• _WORK ORDER_: Return each record word for word and omit the pictures.

[Source data]
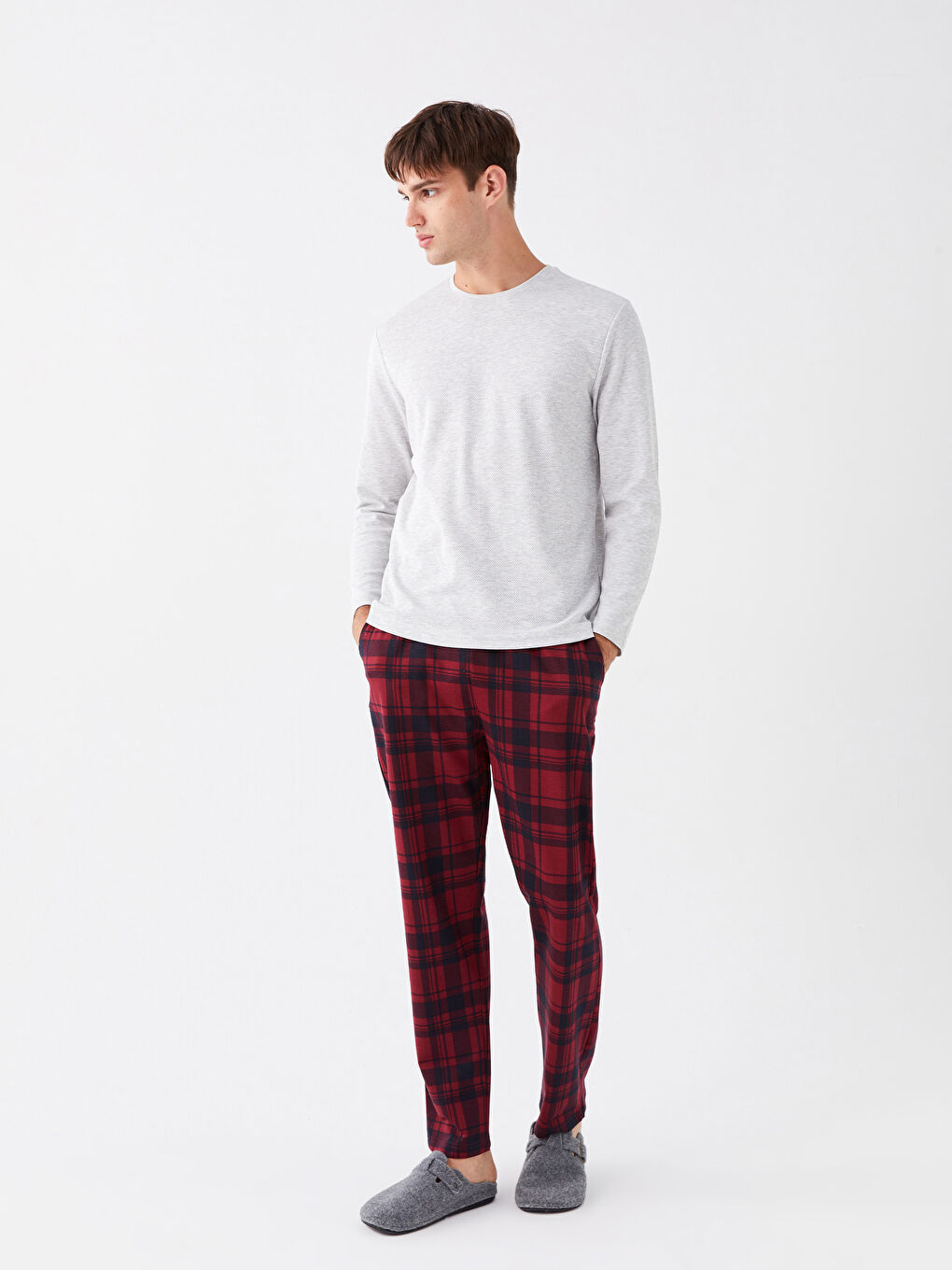 Regular Fit Plaid Men's Pyjama Set-2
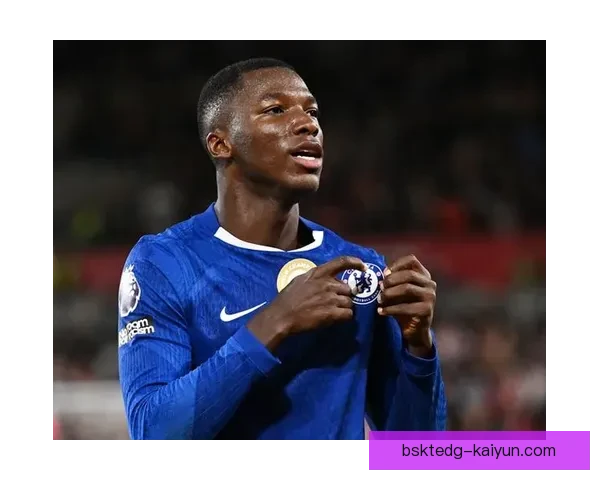 凯塞多中场站位稳健，近期表现引发关注与分析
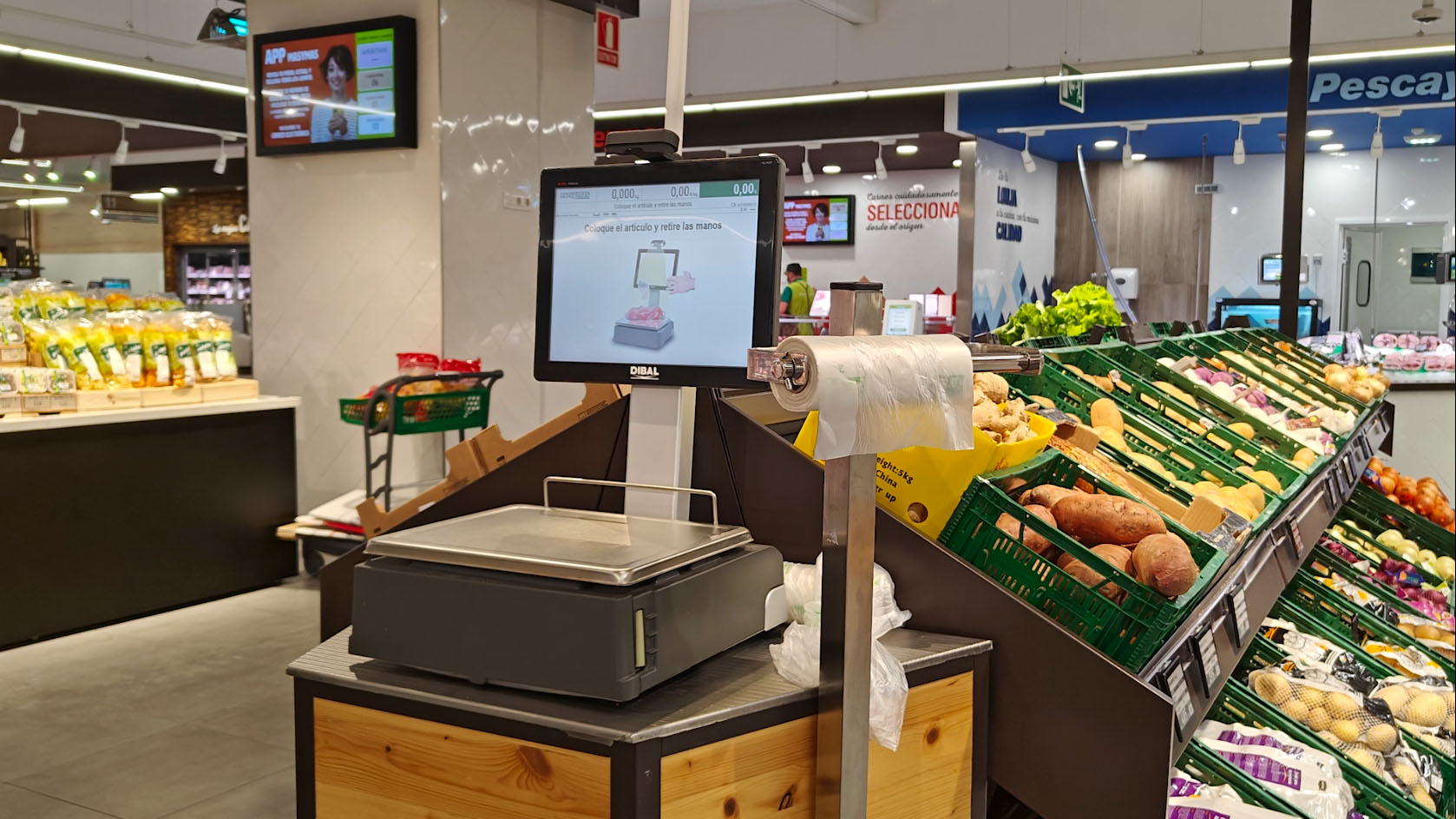 Les balances PC à vision artificielle de Dibal réduisent de plus de 75 % la démarque inconnue dans les rayons de fruits et légumes en libre-service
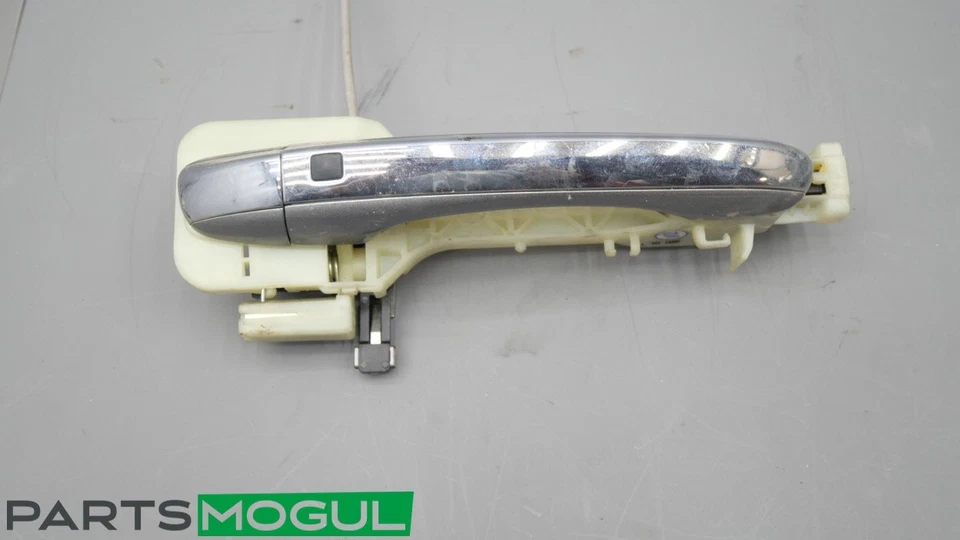 Manija exterior de la puerta del pasajero delantero Hyundai Equus 2011-2016 826613N000 Foto 2 de 4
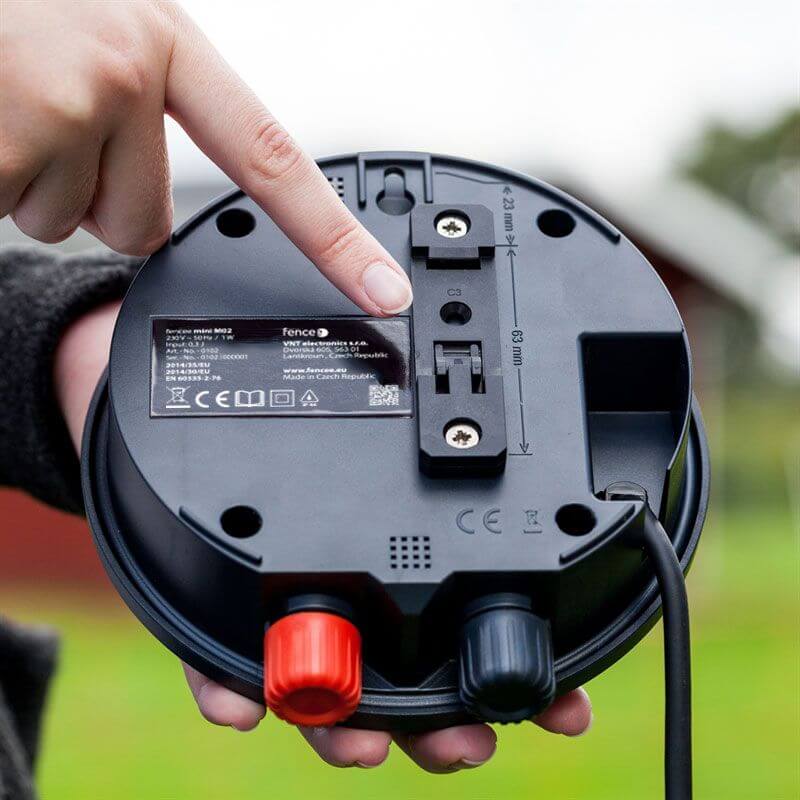 DIN lišta pro uchycení generátoru elektrického ohradníku, 80 mm
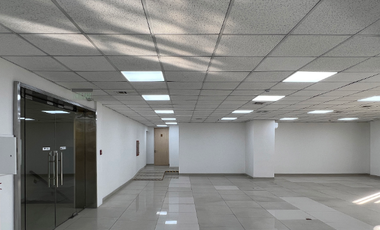 Oficina en Arriendo en Edificio Bandera 236 / Morandé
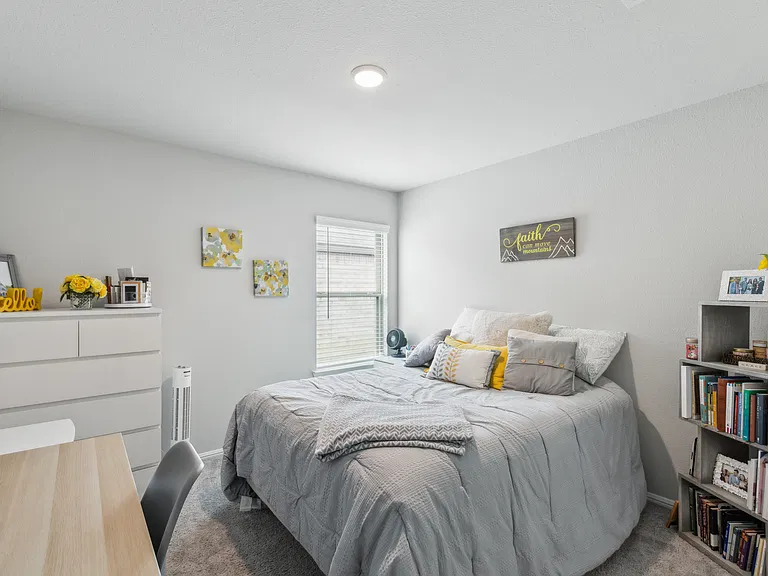 1424 Bellaire St — Photo 16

• _RESPONSE AREA_:
 Regular Fit Plaid Men's Pyjama Set-2
 凯塞多中场站位稳健，近期表现引发关注与分析
 Les balances PC à vision artificielle de Dibal réduisent de plus de 75 % la démarque inconnue dans les rayons de fruits et légumes en libre-service
 Manija exterior de la puerta del pasajero delantero Hyundai Equus 2011-2016 826613N000 Foto 2 de 4
 DIN lišta pro uchycení generátoru elektrického ohradníku, 80 mm
 Oficina en Arriendo en Edificio Bandera 236 / Morandé
 1424 Bellaire St — Photo 16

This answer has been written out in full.